Assignment - For each line in the material below that holds "trail", copy that line.

Data extracts -
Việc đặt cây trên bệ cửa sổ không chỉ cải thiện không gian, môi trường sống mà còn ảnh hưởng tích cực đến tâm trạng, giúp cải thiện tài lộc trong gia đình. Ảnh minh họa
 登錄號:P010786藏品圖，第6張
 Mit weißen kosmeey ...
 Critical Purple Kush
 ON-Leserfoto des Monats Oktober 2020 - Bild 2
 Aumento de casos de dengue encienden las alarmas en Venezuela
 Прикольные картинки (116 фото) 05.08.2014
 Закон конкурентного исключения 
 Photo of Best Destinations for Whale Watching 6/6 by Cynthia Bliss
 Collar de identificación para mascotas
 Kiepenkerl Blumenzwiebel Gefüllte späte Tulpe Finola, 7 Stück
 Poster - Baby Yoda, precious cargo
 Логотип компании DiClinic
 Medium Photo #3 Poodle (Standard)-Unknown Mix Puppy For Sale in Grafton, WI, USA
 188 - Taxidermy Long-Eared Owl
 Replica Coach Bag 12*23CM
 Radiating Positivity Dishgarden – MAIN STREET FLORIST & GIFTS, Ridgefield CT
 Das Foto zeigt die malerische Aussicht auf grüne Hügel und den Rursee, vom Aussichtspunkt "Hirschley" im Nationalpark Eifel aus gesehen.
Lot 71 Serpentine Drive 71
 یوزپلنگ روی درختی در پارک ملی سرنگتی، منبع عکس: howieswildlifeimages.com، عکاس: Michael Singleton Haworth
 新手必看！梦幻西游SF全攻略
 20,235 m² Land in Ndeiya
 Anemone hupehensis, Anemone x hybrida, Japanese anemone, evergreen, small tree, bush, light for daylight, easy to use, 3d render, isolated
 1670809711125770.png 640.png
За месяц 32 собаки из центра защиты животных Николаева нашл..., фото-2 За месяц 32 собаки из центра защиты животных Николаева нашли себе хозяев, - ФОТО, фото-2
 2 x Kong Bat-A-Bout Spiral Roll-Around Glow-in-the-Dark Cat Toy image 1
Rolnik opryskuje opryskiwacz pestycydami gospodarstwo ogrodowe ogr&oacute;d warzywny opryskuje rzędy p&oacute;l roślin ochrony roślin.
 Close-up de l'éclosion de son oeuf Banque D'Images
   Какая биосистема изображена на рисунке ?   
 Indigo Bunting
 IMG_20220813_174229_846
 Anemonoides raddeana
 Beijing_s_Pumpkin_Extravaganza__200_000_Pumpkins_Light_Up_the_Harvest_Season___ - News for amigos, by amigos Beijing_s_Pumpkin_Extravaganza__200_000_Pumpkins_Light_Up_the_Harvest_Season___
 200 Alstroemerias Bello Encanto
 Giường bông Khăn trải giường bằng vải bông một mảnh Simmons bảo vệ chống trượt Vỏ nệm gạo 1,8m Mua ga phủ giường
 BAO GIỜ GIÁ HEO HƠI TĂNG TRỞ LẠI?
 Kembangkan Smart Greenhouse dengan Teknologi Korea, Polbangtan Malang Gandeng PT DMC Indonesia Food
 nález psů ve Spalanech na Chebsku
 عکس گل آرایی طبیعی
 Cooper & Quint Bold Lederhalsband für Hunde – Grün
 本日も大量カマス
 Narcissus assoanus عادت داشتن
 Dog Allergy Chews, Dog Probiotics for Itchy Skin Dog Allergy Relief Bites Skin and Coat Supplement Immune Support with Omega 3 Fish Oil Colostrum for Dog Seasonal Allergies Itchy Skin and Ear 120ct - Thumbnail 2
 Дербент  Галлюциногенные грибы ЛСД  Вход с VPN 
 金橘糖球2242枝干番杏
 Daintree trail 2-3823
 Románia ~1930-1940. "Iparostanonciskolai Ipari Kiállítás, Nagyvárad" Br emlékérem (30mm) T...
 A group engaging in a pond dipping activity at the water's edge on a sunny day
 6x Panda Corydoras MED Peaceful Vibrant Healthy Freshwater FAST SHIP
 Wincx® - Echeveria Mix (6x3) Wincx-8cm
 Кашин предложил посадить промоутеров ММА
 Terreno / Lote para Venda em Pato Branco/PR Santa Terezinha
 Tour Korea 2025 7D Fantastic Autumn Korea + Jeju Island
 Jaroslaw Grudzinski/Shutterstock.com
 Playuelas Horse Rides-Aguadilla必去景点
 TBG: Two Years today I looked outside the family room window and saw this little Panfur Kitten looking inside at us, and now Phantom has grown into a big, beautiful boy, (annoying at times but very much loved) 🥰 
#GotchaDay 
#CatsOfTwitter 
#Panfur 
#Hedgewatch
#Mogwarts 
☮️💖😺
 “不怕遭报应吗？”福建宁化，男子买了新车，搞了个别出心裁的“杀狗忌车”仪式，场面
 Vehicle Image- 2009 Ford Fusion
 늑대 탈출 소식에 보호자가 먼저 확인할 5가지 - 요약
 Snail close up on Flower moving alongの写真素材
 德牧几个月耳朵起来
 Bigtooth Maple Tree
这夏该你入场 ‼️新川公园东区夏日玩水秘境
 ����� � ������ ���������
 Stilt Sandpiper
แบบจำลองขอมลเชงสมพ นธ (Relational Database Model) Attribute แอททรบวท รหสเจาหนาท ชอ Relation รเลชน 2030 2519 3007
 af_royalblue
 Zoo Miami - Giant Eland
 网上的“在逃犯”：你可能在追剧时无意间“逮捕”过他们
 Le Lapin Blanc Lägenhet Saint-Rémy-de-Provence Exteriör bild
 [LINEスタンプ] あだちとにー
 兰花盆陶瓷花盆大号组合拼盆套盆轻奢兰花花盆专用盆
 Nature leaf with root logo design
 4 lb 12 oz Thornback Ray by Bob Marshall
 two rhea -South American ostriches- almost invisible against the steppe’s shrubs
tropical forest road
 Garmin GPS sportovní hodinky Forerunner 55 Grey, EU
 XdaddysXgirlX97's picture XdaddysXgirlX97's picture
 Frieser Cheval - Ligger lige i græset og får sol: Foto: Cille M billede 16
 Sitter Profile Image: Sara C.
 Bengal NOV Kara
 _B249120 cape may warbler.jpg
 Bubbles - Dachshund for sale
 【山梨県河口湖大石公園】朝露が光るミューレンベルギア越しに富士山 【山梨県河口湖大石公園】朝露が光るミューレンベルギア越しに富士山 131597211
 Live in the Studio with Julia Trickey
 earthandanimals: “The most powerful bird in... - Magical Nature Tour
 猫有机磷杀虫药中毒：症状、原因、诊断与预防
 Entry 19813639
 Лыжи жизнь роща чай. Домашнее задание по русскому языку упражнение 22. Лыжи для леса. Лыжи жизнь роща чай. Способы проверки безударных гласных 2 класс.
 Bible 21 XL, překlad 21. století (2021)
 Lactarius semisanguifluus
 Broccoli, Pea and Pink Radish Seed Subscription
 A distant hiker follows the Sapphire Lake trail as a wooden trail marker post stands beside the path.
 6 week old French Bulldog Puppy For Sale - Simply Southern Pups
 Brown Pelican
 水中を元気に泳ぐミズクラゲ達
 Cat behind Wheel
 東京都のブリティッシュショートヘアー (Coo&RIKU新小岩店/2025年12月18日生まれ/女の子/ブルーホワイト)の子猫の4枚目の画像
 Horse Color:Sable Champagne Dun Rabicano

Result for this exercise -
 Daintree trail 2-3823
 A distant hiker follows the Sapphire Lake trail as a wooden trail marker post stands beside the path.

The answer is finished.